An exciting, 13-part essay series from the Stanford Social Innovation Review, in partnership with Encore.org and The Eisner Foundation, starts now.

By Stefanie Weiss | Mar 12, 2021

Illustration by Gracia Lam

“Brilliant inventors and good intentions created one age-segregated institution after another—preschools, high schools, senior centers, and assisted-living facilities—as the generations increasingly came to inhabit entirely separate spheres.”

— Marc Freedman & Trent Stamp, SSIR

Social innovation got us into this mess. Can social innovation get us out?

Today, the Stanford Social Innovation Review (SSIR), an award-winning and influential magazine and website, launched “Meeting the Multigenerational Moment,” a series of 13 essays that will answer that question — and put the field of intergenerational innovation on the map.

Published in partnership with Encore.org and The Eisner Foundation, the series shines a light on some of the most promising innovations that bring older and younger people together to solve some of our most pressing problems.

Encore.org CEO Marc Freedman and Eisner Foundation CEO Trent Stamp are the authors of the first essay in the series, “Overcoming Age Segregation.” The two experts explain how we got so divided, then call on social innovators to “be as creative in bringing people together across ages as we’ve been about splitting them apart.”

The other essays — written by a mix of social entrepreneurs, academic researchers, and philanthropic leaders — focus on intergenerational strategies to help meet critical needs like affordable housing, K-3 literacy, mentoring, support for foster families, connection, funding, and so much more.
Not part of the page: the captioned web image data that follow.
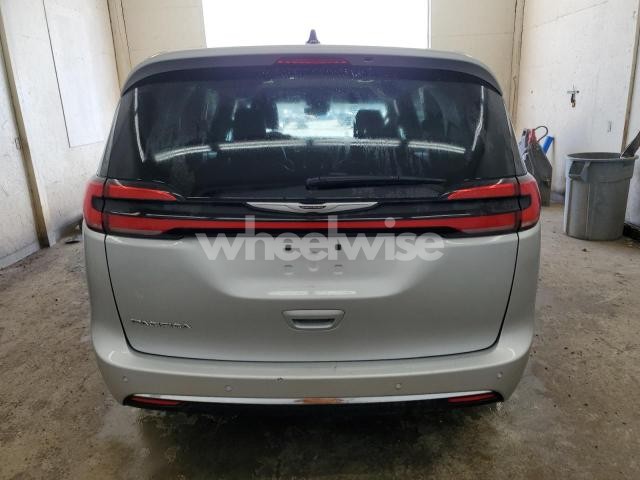 Photo 2 of 2024 CHRYSLER PACIFICA TOURING L (VIN 2C4RC1BG7RR162399)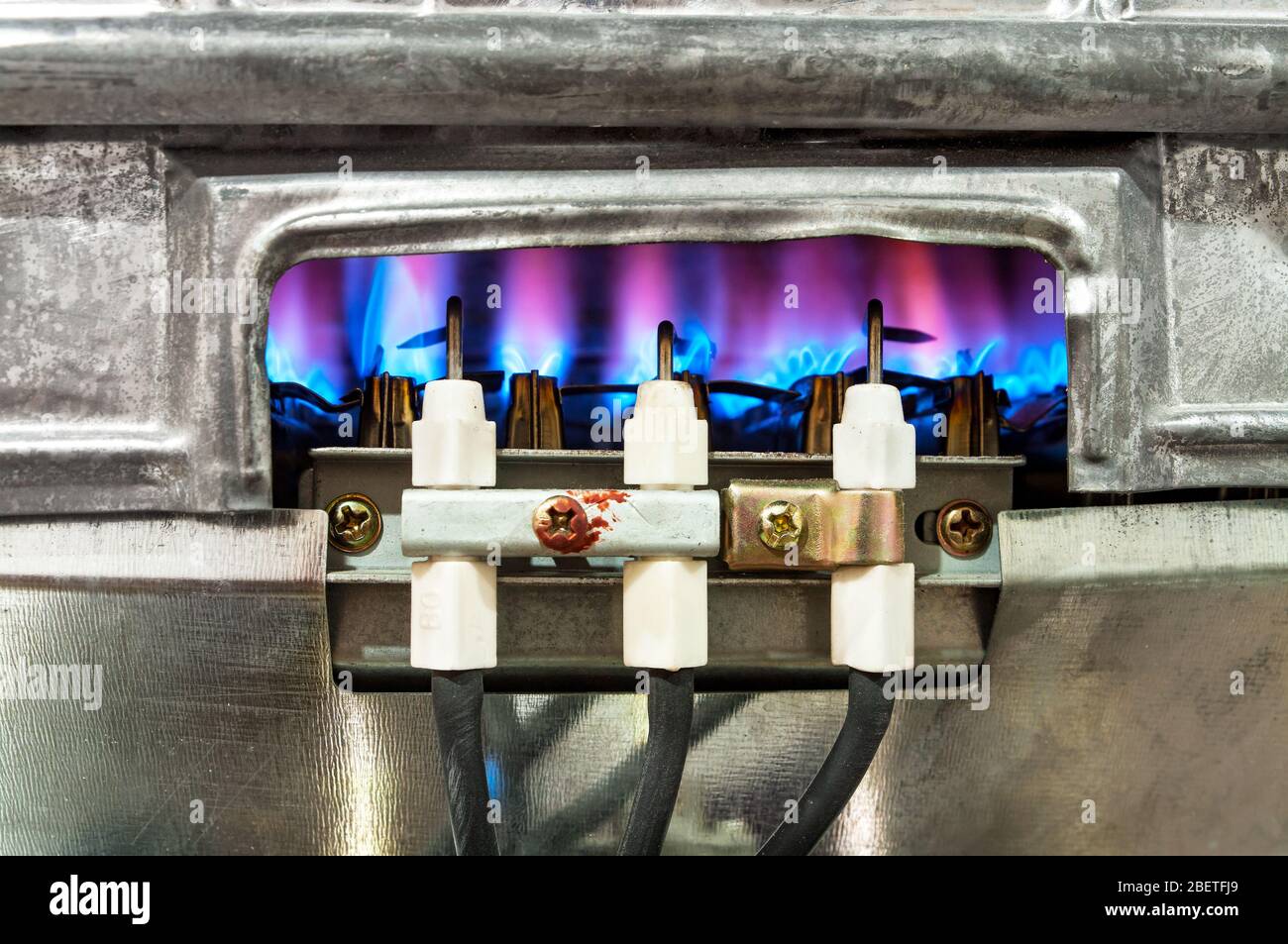 Le gaz brûle dans le chauffe-eau moderne sans boîtier de protection Banque D'Images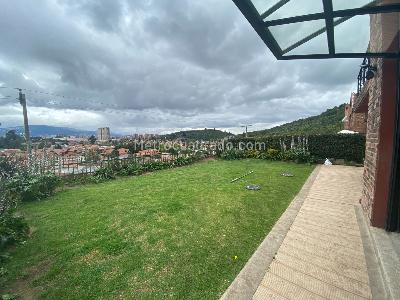 Casa de 3 alcobas en venta en San Jose De Bavaria, Bogotá, 300 m² · foto 4 de 15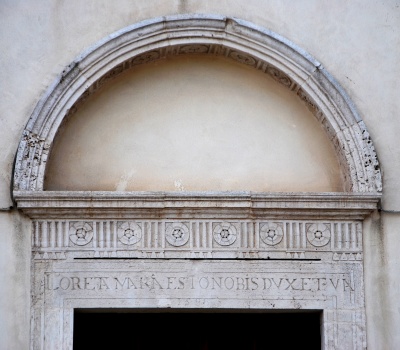 Mola di Bari - Chiesa della Madonna di Loreto - dettaglio iscrizione sul portale.jpg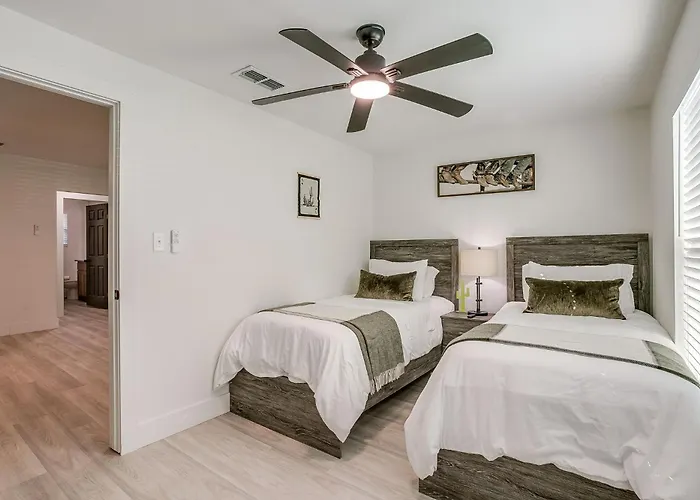 New The Round Up, 4Br, Walk To Tsu, Downtown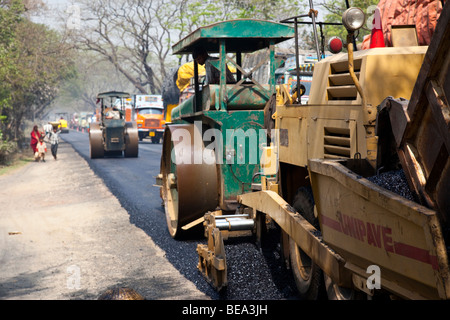 La construction routière en Malda au Bengale en Inde Banque D'Images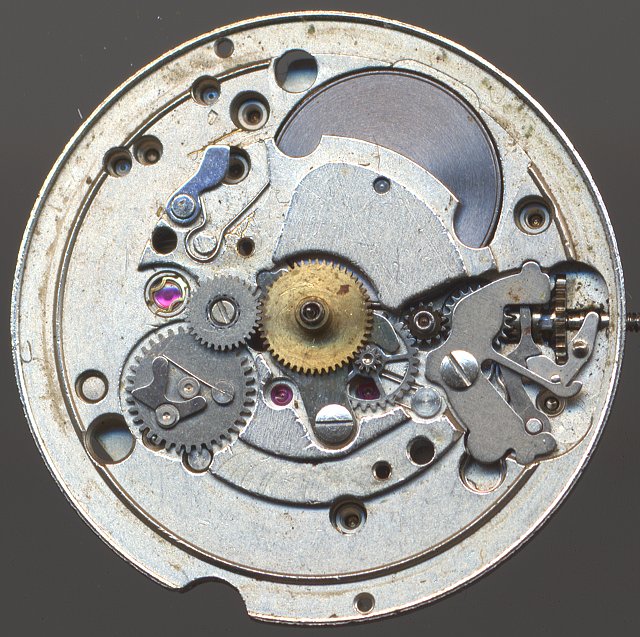 dial side view with visible date indication mechanism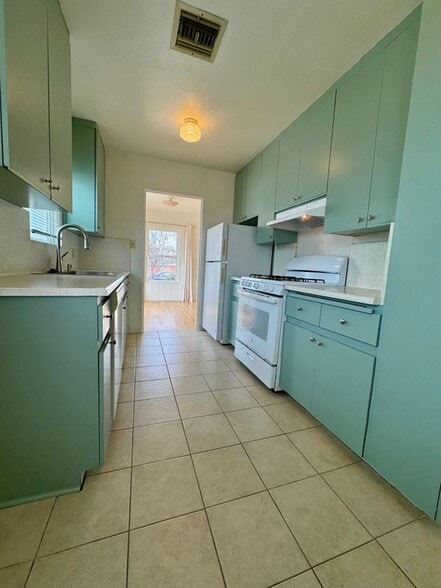 Building Photo - 803 Van Nuys St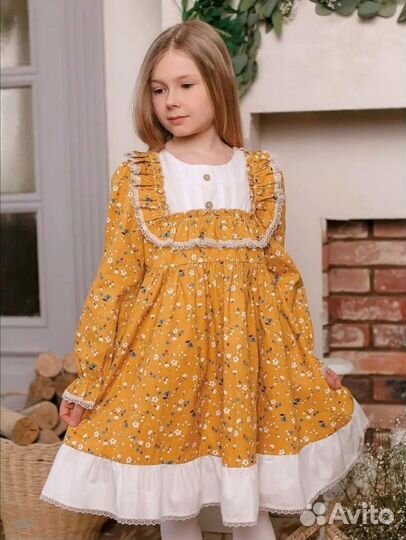 Платье для девочки 104-110 размер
You can find the other essays that have already been published here:

Every Monday, from now through early June, SSIR will post a new essay, plus a new illustration created by the very talented Gracia Lam.

To make sure you don’t miss a thing:

  • Click here to read the entire series.
  • Connect with others who care about these issues by adding comments at the end of each essay.
  • Spread the word on your social media channels — LinkedIn, Twitter, Facebook, and Instagram.
  • And make sure you’re following Encore.org, a national nonprofit bridging generational divides, and The Eisner Foundation, the nation’s only foundation funding solely intergenerational work, on email and social media.

This series, as Freedman and Stamp write, is for “all those who believe fresh thinking and new social arrangements hold the potential to make the most of the multigenerational society already upon us.”

Hope that includes you!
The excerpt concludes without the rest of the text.